In 2016's Suicide Squad, Harley Quinn is the embodiment of "cute but psycho." She's a hot girl with a cutesy, immature sense of humor with an intense bloodlust. Her sole motivation is her relationship with the Joker, and if you know absolutely anything about these characters, you know this relationship is insanely abusive. This rich character is boiled down to nothing but a sex object and its made abundantly clear from things like the script to her costume. I've written about this more in-depth in its own article.

In the first movie, Harley Quinn's outfit is a ripped up, skin tight t-shirt, stripper heel boots, fishnet tights, sparkly booty shorts, and a jacket that reads "Property of the Joker." I mean, that just says it all doesn't it? The way the camera focuses on her makes the audience feel like we're ogling her. So many of the film's jokes are about how attractive she is. Harley Quinn as a character has been around since the 90's and has had so much development since her first appearance, I'd like to think she's graduated beyond just being eye candy. As far as I know, Margot Robbie had an amazing time shooting Suicide Squad, she was not forced into anything, and she still remains close friends with her fellow cast members. This doesn't change that she was exploited for her looks in this movie. I'm glad to see that her roles since have evolved from her just playing the token hot girl. David Ayer was far from the first person to majorly sexualize Harley Quinn, and he won't be the last.
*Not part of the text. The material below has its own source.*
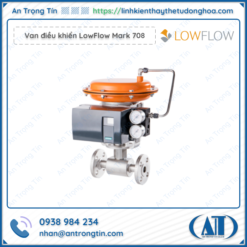 Van dieu khien LowFlow 708 8 - Van điều khiển LowFlow 708, điều khiển dòng chính xác Van điều khiển LowFlow 708 8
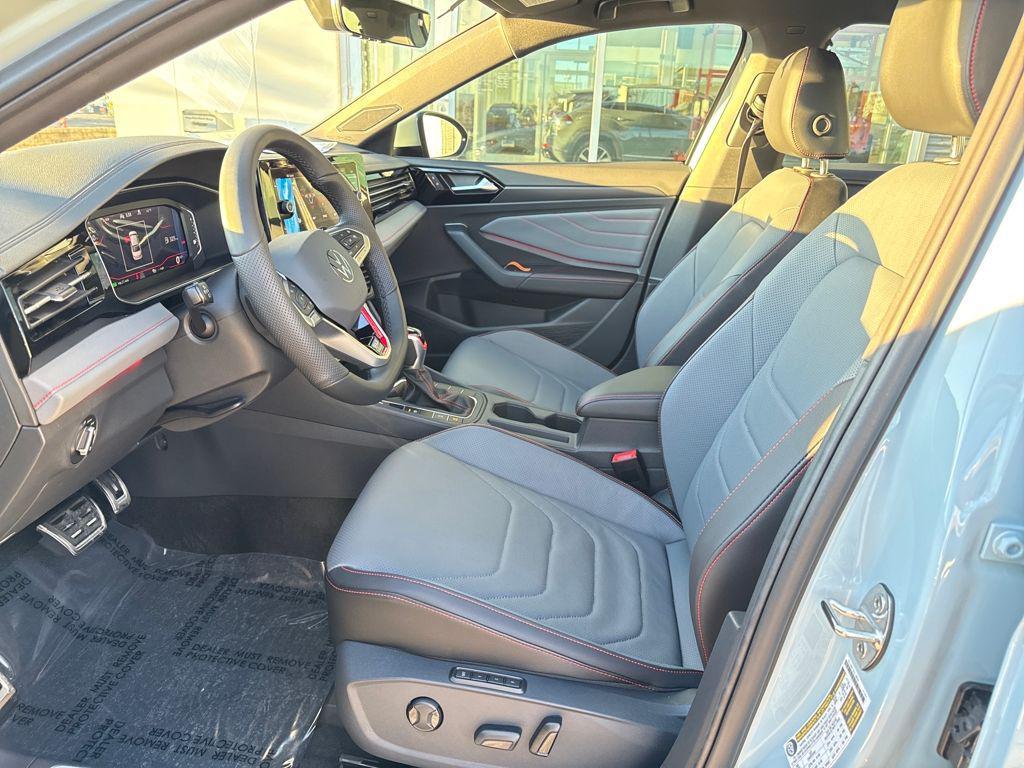 new 2026 Volkswagen Jetta GLI car, priced at $34,946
It's now a common opinion among DC fans that The Suicide Squad did more justice to Harley Quinn's character than the first film did. Her jokes have moved beyond her being a ditsy dumb blonde, her physical and mental prowess are on full display, and the Joker is not mentioned once. Unlike the previous film, where she was seen as an extension of the Joker, she is now her own fully fleshed-out character. In addition to her character, her costumes have also evolved. She has adopted her signature colors of red and black again, her clothes are much less revealing, and her jacket now reads: "live fast, die clown." It was such a joy to watch this character reach her full potential on screen by a director who didn't just use her as a lure for male audience members.

Any comic book material is a difficult and ambitious thing to adapt for the big screen, and any effort to do so is commendable. But let the case of both Suicide Squad films show you how much of a difference it can make when the right director is put in charge and how fans will not be happy with just anything you put in front of them. Perhaps if we allowed other films to be re-done like this with different creative teams, we could end up with great films like The Suicide Squad that bring justice to their source material.